What is required =>
Retype the listing below line for line, but only from the line with "Hanging Egg Chair" down to the line with "Personalised Gingham Birthday", inclusive. Pictures stay out.
#### Records shown ####
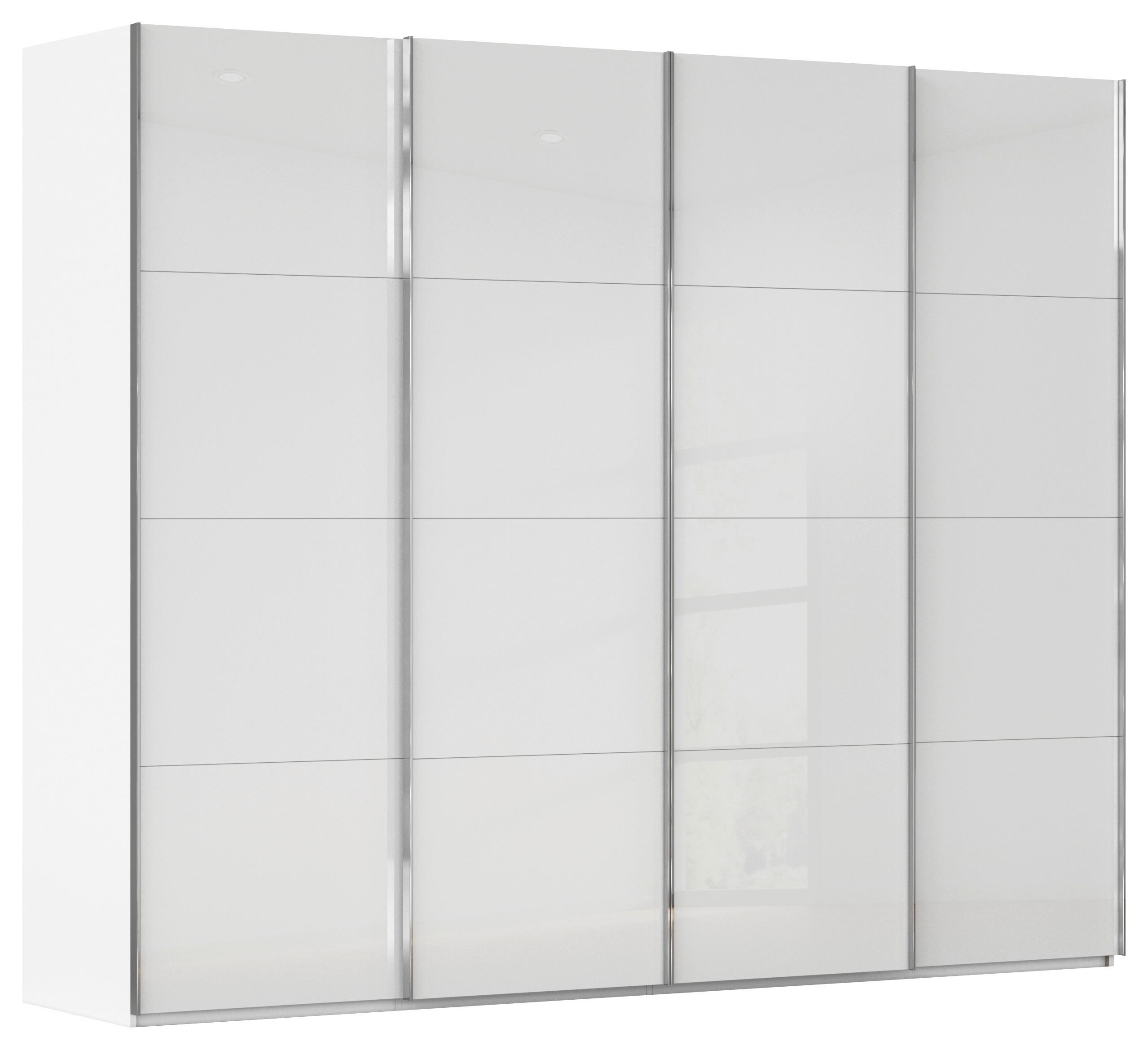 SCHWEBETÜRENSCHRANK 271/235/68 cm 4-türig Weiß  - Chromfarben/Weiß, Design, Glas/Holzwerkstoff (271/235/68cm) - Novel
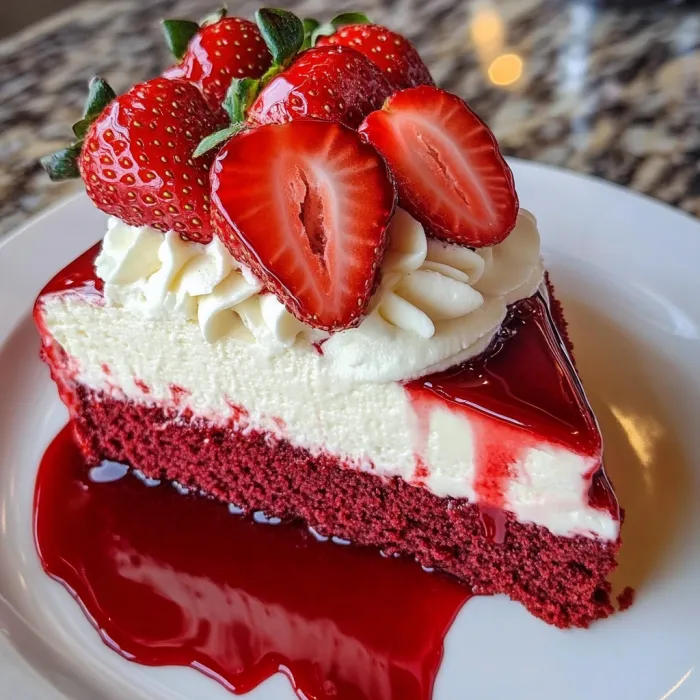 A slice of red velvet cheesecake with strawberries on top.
####
#### Records shown ####
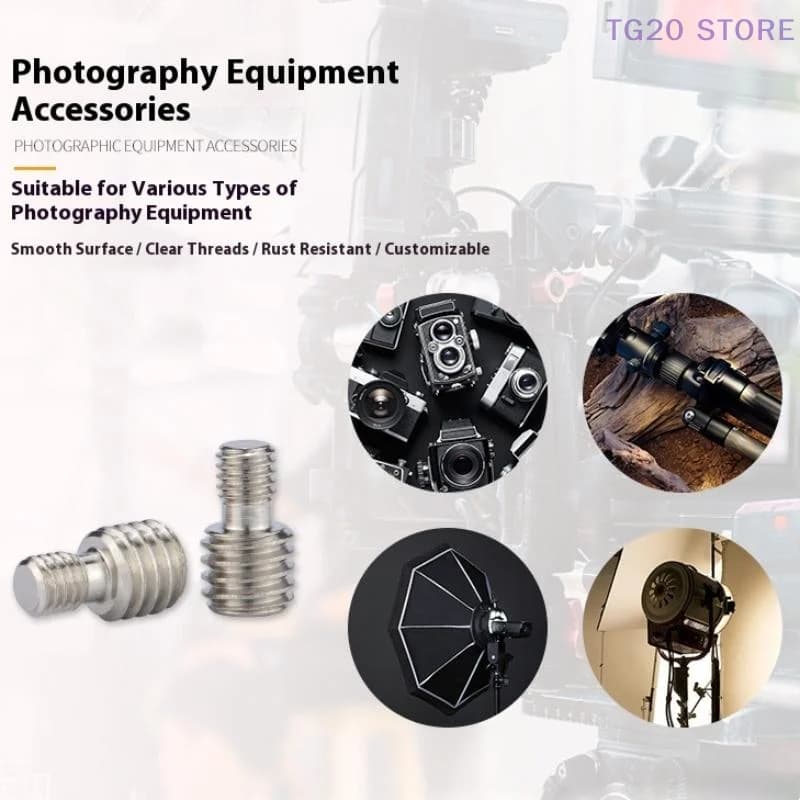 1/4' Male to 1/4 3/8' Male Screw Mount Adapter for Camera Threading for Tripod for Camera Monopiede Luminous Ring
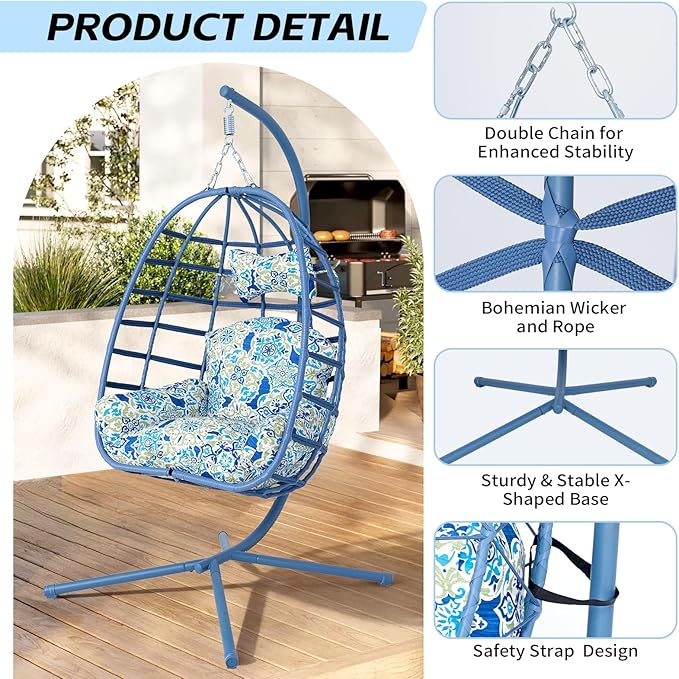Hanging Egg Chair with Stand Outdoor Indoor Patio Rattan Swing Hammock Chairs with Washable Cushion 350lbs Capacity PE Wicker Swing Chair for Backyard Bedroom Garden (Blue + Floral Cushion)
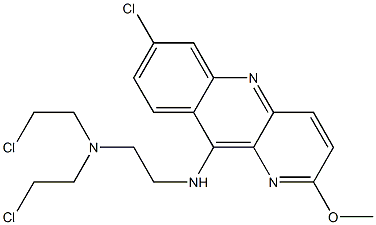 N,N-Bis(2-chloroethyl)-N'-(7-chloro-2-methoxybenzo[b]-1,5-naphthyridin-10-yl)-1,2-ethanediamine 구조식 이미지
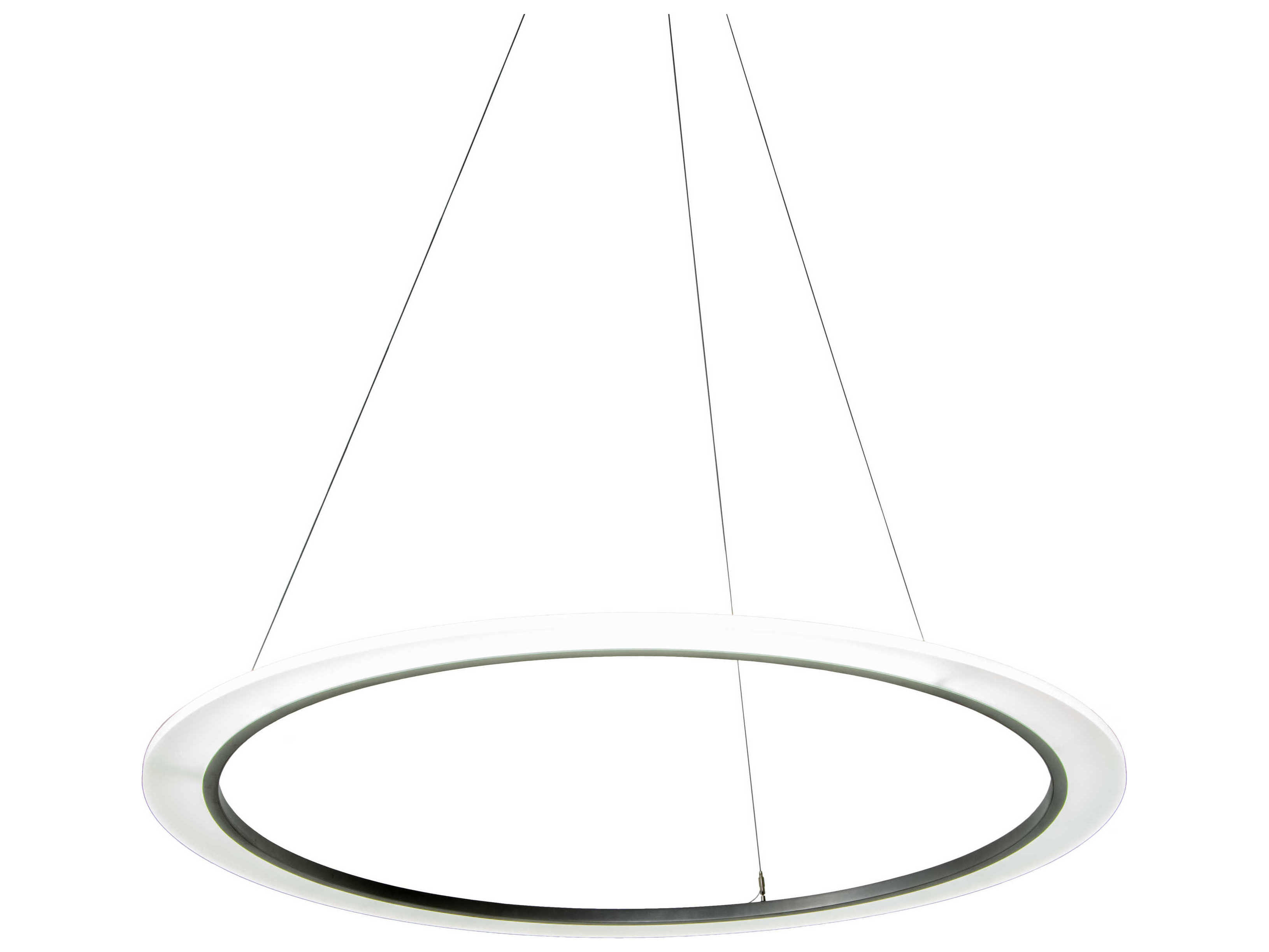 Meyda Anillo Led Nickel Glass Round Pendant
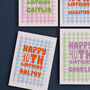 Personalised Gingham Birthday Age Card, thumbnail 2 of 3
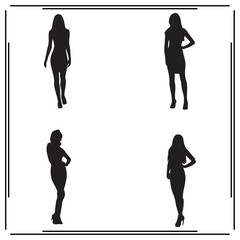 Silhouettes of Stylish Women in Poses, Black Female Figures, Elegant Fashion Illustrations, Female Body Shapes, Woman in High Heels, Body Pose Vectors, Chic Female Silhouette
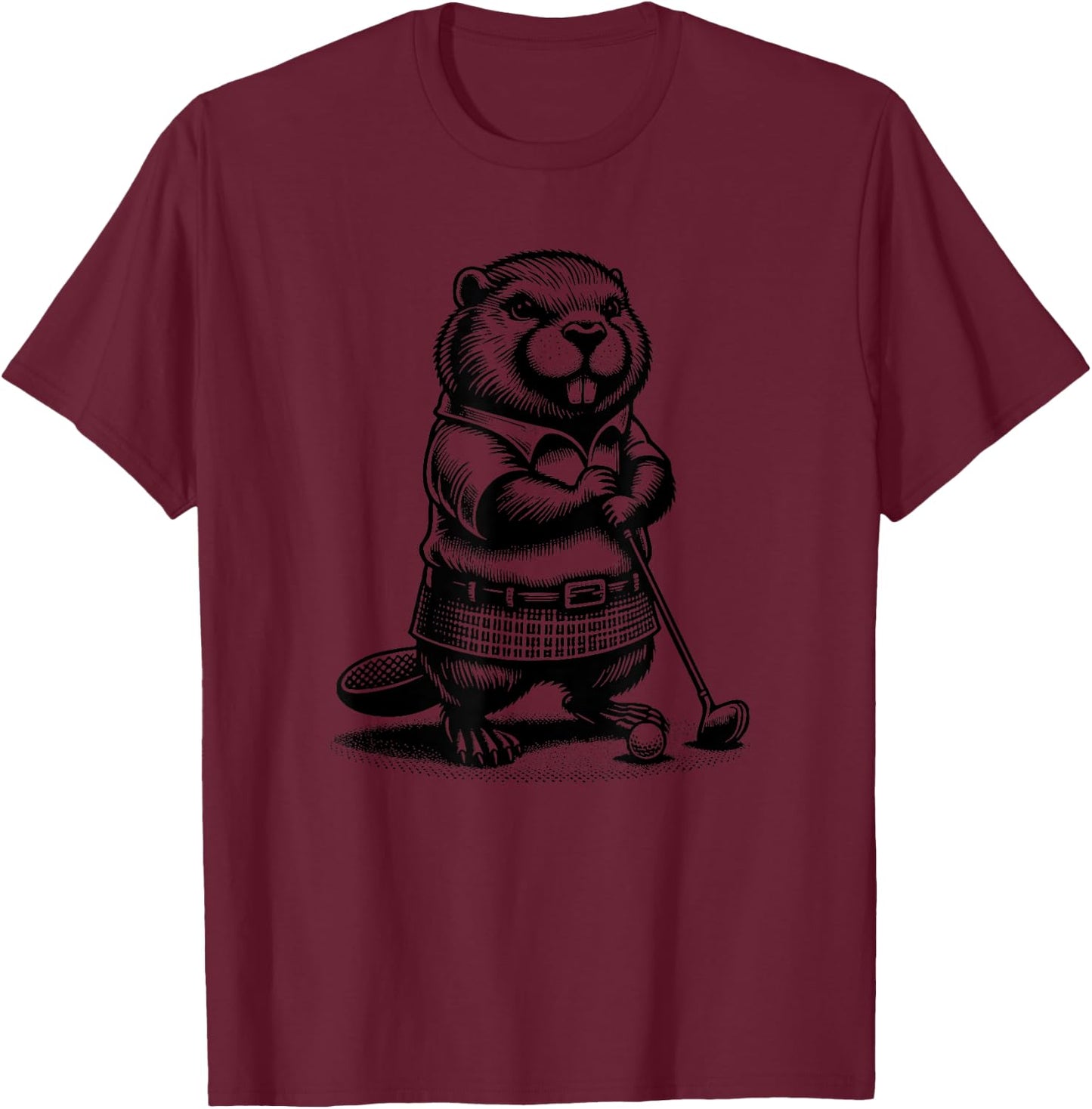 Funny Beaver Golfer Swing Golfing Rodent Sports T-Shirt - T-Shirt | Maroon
####
#### Records shown ####
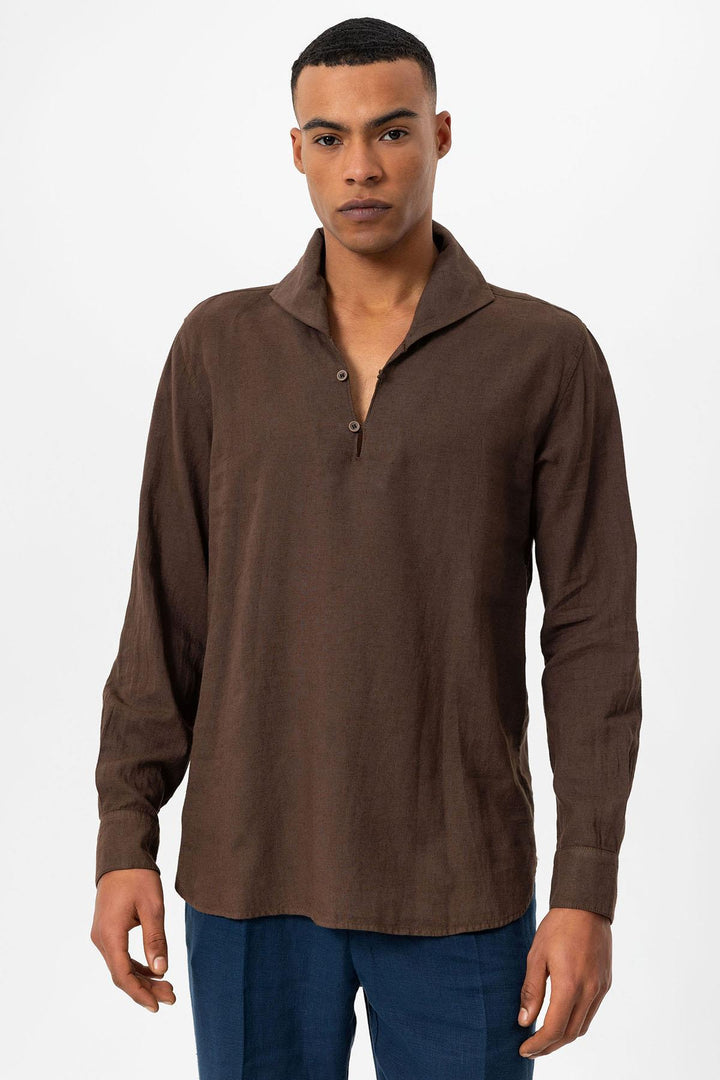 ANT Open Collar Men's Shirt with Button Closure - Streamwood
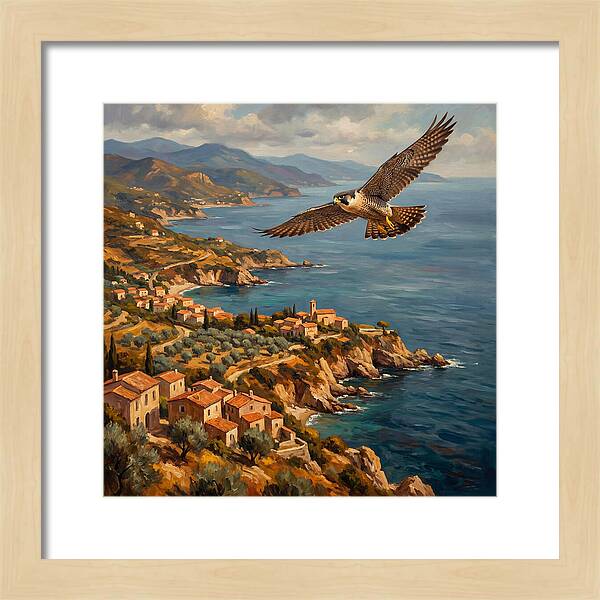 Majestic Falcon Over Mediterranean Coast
####
Solution for this problem =>
Hanging Egg Chair with Stand Outdoor Indoor Patio Rattan Swing Hammock Chairs with Washable Cushion 350lbs Capacity PE Wicker Swing Chair for Backyard Bedroom Garden (Blue + Floral Cushion)
 N,N-Bis(2-chloroethyl)-N'-(7-chloro-2-methoxybenzo[b]-1,5-naphthyridin-10-yl)-1,2-ethanediamine 구조식 이미지
 Meyda Anillo Led Nickel Glass Round Pendant
 Personalised Gingham Birthday Age Card, thumbnail 2 of 3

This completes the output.